Encontrei nas narrativas, experiências que são relatadas de maneira
sensível e que vão contando nossas origens, nossos sonhos e que nos revelam e
mostram os sentidos que trazemos ao mundo. Dentre as pessoas que vamos
encontrando e com as quais nos identificamos, verifiquei registro da presença de
docentes do ensino superior que aparecem como um professor favorito, ou que
influenciou, fortemente, sua vida e o desejo de continuar na graduação para ser um
professor. Muitos alunos contam que foi esse profissional que fez com que
sentissem vontade de ir para o ensino. Sobre essa identificação Goodson (2008,
p.108) apresenta que tais pessoas funcionam como “modelos” que, para além de
influenciar, muito provavelmente direcionam a visão subsequente da pedagogia
desejável, assim como, possivelmente, a escolha da disciplina que se pretende
lecionar (GOODSON, 2008, p. 108).
Não posso desconsiderar que fiz parte da história de formação desses
142
jovens, embora muito pouco tenha sido mencionado sobre as disciplinas que
ministrei, durante todos os semestres em que tivemos contato na graduação. Mesmo
assim acredito que tive influência na formação desses jovens e no reconhecimento
que apresentam sobre o papel que o professor exerce na formação de seus alunos.

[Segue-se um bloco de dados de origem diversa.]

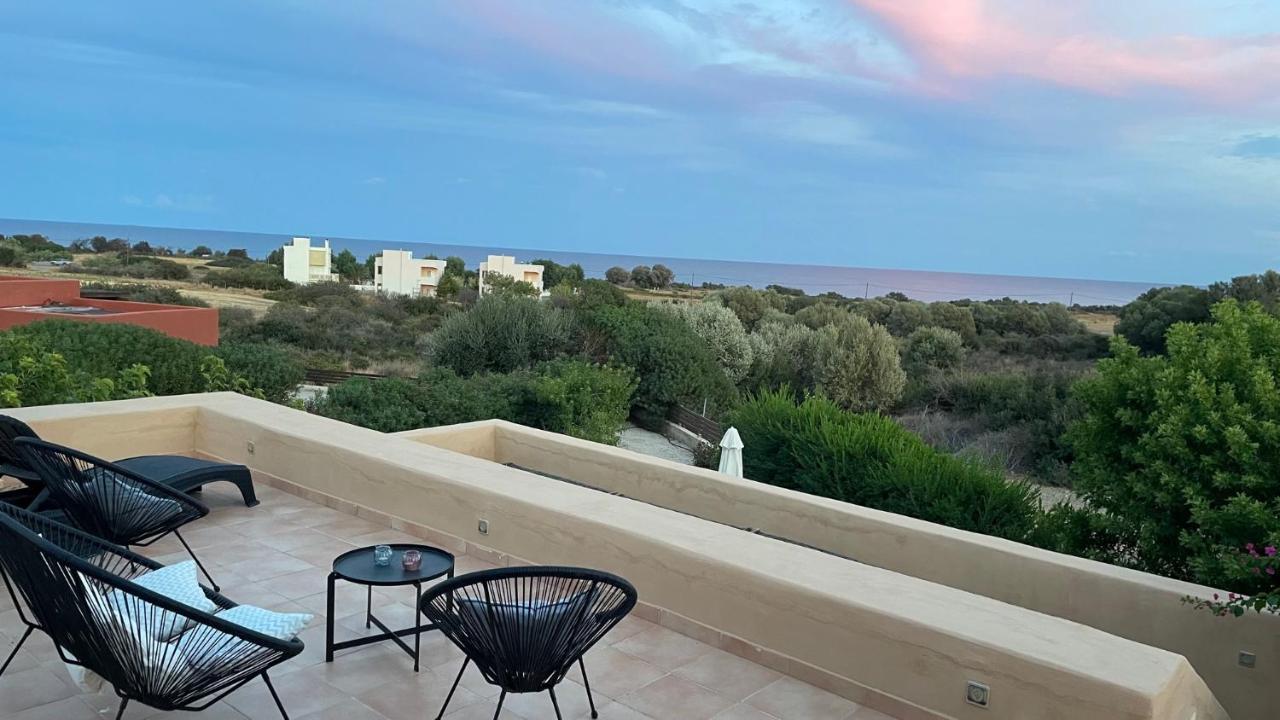 Gennadi Blue Sky Villas Exteriér fotografie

Sobre as experiências de formação, acredito que a prática de uma escrita
de si, presente tanto nos relatórios finais do estágio como nas solicitações da
disciplina de Metodologia e, mais especificamente, na produção de dados para esta
pesquisa, os alunos foram provocados no sentido de realizarem uma reflexão crítica
sobre o seu processo formativo. O que experienciaram, o que sentiram e, por fim, o
que farão com tudo isso.
Nos relatos das participações nas experiências formativas encontrei no
Pibid e no Estágio Supervisionado, a maior concentração de elementos que
identificam essas experiências como sendo, de fato, entendidas como experiências
de iniciação à docência e com caráter formativo, com registro de prazer na
participação e de crescimento na formação e constituição docente.

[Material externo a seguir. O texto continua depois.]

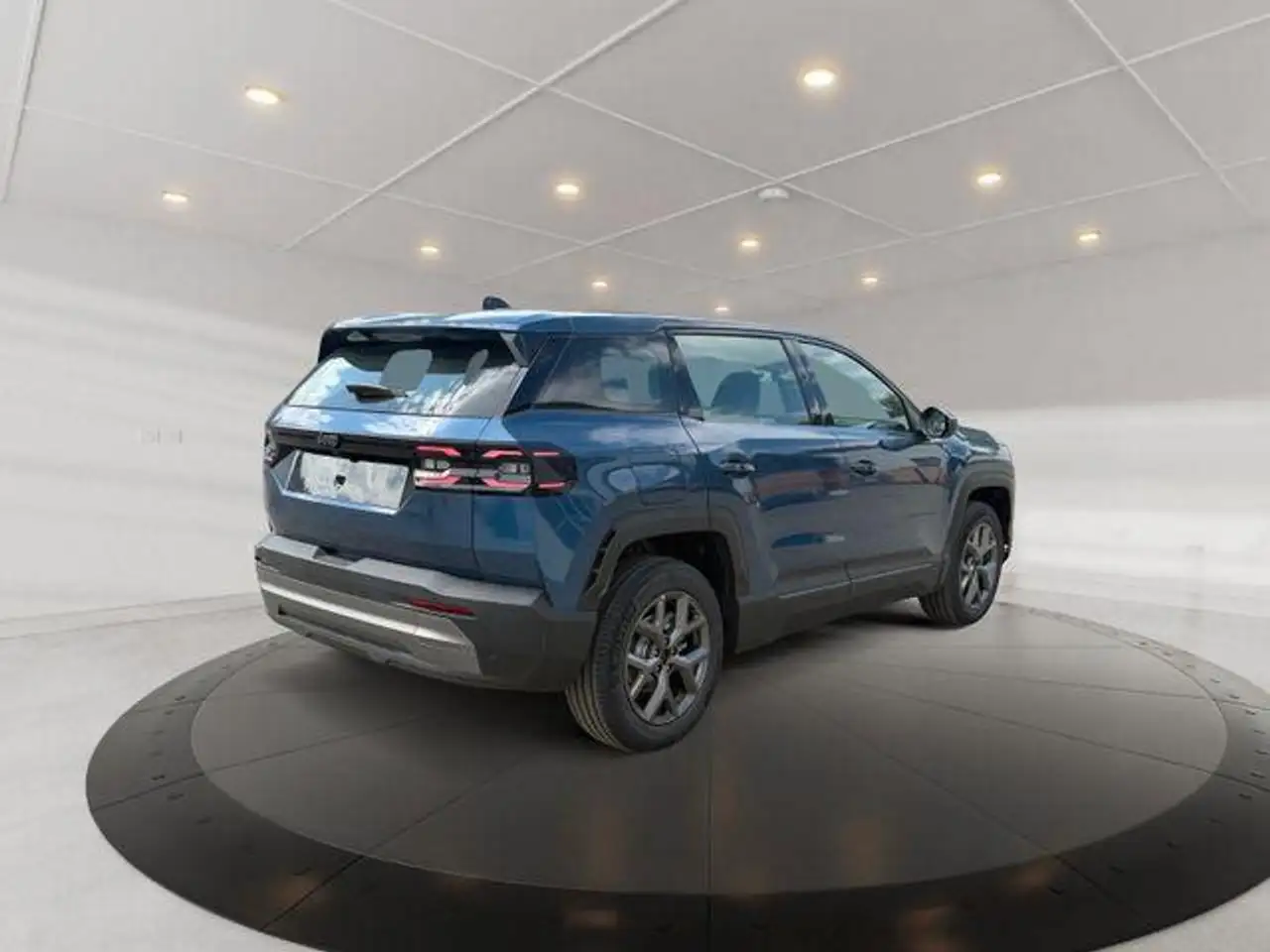 Jeep Compass 2026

Destacam também, que essas participações fortaleceram e consolidaram
a opção pela carreira docente. Tenho orgulho de dizer que o Pibid foi a maior
conquista no curso de matemática. Não entrei no curso com o intuito de
lecionar (Mari, 2018).
O Pibid, foi um programa sensacional que me mostrou uma aula diferente e
carrego essa experiência comigo até hoje, graças a ele consigo enfrentar
diferentes situações que a minha profissão exige (Vinicius, 2018).
Acredito que a produção de narrativas reflexivas, ao final das atividades
de cada estágio, pode ter contribuído de maneira significativa para identificar e
fortalecer esse entendimento sobre sua formação e seu conhecimento pessoal.
Souza (2008), ao indicar a potencialidade com o trabalho narrativo, destaca que
esse modelo de trabalho permite ao “sujeito em formação entrar, ao mesmo tempo,
em contato com suas memórias e relacioná-las às diferentes dimensões da
aprendizagem profissional” (SOUZA 2008, p. 151).
Ao narrar suas experiências e refletir sobre o que podem fazer com elas,
os alunos vão tomando consciência do seu papel como professor e passam a rever
143
seus conhecimentos, suas posturas, a linguagem para aprender a ensinar e as
adequações que precisam fazer na ação, devido às situações imprevistas que
podem ocorrer no cotidiano da sala de aula. Com isso, eles invertem o movimento
que até então era vivenciado como aluno, aprendendo a ser professor observando a
prática de outros professores.
Rememorar as experiências vivenciadas, remexer nos guardados e
escrever histórias que se iniciam cada vez que as escrevemos, coloca em evidência
nossas vidas e histórias e podemos perceber como elas se convergem. Para este
nosso momento, motivados pelos diálogos e reflexões provocados pelas narrativas
sobre nós mesmos, nossas trajetórias e os processos formativos, acredito ter sido
possível rememorar de maneira compreensiva e contar em palavras as experiências
significativas que nos constituem.
Os alunos e eu entendemos que esse processo não se esgota com o fim
da graduação, mas que dá início a uma nova etapa de constituição de um professor
que percebe a narrativa como forma de expressão do falar e pensar sobre si, sobre
seus conhecimentos e sobre a profissão, num processo contínuo de (auto)formação.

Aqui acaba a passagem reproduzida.